Start of Data for this exercise
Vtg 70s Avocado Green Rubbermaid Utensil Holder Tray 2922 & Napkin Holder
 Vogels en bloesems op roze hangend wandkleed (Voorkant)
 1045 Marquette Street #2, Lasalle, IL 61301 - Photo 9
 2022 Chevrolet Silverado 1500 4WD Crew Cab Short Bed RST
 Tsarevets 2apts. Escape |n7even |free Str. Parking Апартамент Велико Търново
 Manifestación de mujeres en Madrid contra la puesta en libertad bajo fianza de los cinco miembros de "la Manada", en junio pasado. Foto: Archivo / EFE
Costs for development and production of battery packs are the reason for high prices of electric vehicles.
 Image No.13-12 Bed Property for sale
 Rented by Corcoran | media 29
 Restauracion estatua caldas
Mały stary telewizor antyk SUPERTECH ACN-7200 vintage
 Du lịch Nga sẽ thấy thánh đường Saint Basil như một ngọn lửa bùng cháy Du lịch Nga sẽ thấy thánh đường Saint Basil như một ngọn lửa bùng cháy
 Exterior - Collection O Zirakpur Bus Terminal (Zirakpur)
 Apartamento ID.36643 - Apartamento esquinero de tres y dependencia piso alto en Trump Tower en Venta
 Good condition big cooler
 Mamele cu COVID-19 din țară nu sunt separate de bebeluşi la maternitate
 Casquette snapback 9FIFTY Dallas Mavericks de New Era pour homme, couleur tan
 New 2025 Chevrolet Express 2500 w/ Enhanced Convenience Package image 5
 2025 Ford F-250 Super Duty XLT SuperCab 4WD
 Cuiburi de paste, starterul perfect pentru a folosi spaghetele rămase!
End of Data for this exercise
## What you should do
Pull out every line holding "Chevrolet" from the records above, and copy it.

## Problem solution
 2022 Chevrolet Silverado 1500 4WD Crew Cab Short Bed RST
 New 2025 Chevrolet Express 2500 w/ Enhanced Convenience Package image 5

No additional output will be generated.